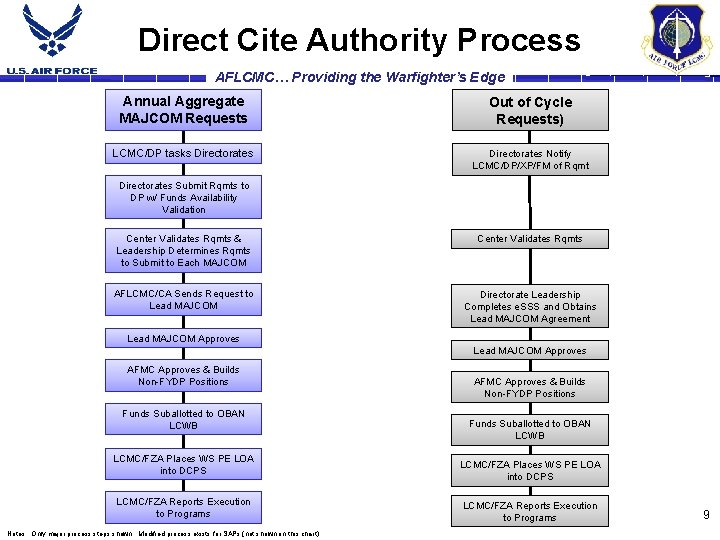 Direct Cite Authority Process AFLCMC… Providing the Warfighter’s Edge Annual Aggregate MAJCOM Requests Out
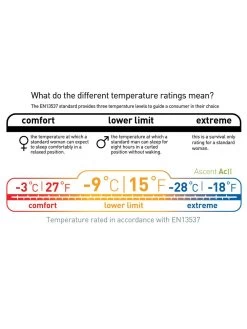 Sea To Summit Ascent ACII -Survie en plein air sac de couchage sea to summit ascent acii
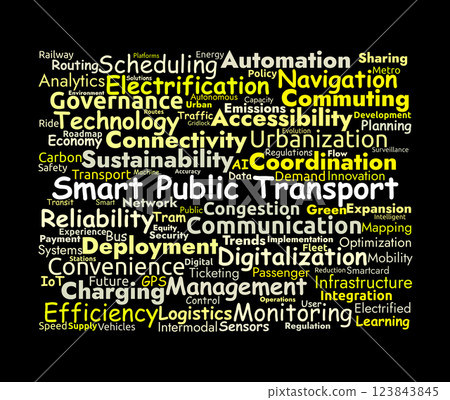 Smart Public Transport Word Cloud. Key Innovations in Urban Mobility Solutions Smart Public Transport Word Cloud. Key Innovations in Urban Mobility Solutions 123843845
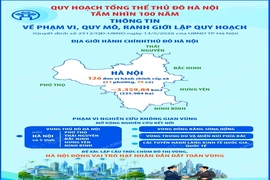 Chi tiết Quy hoạch tổng thể Thủ đô Hà Nội tầm nhìn 100 năm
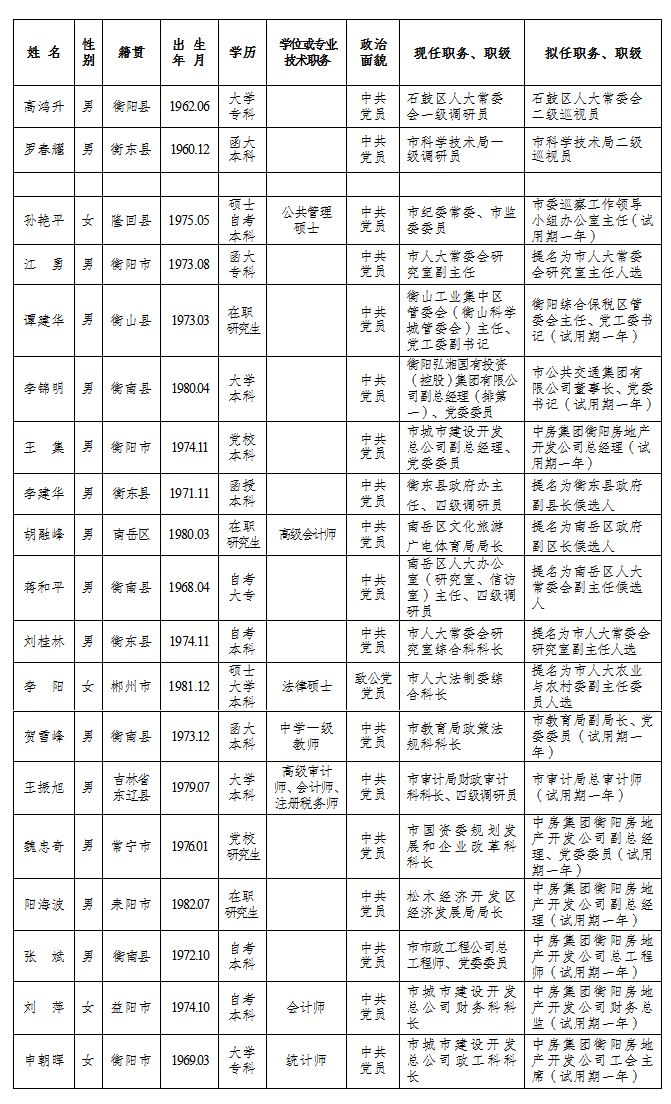 干部任前公示公告-衡阳智慧党建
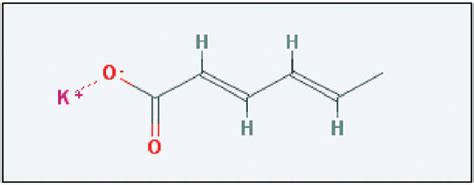 Potassium sorbate structure. | Download Scientific Diagram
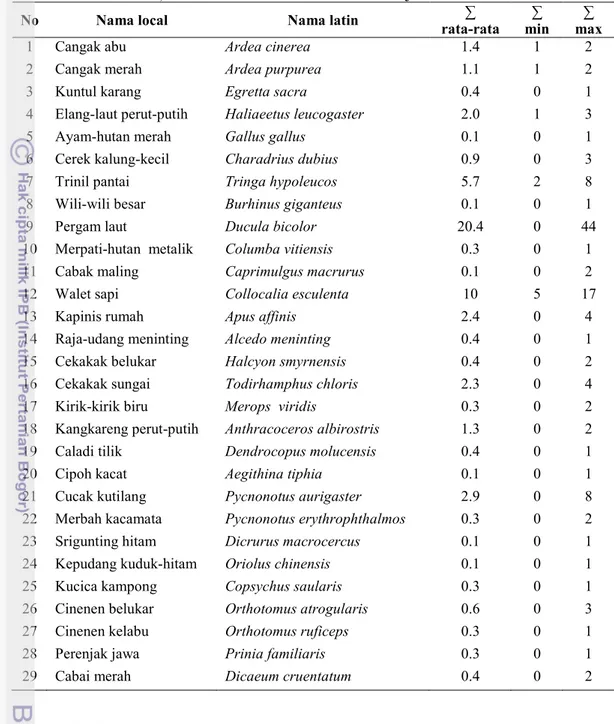 Tabel 1.  Perbandingan jumlah individu tiap jenis per hari (rata-rata, minimum dan  maksimum) di habitat Danau dan Pantai Menjukut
==================================================
Emit the lines of the material exactly, from its first line to the line containing "Download Scientific Diagram", inclusive; leave every picture out.

 Direct Cite Authority Process AFLCMC… Providing the Warfighter’s Edge Annual Aggregate MAJCOM Requests Out
 Sea To Summit Ascent ACII -Survie en plein air sac de couchage sea to summit ascent acii
 Smart Public Transport Word Cloud. Key Innovations in Urban Mobility Solutions Smart Public Transport Word Cloud. Key Innovations in Urban Mobility Solutions 123843845
 Chi tiết Quy hoạch tổng thể Thủ đô Hà Nội tầm nhìn 100 năm
 干部任前公示公告-衡阳智慧党建
 Potassium sorbate structure. | Download Scientific Diagram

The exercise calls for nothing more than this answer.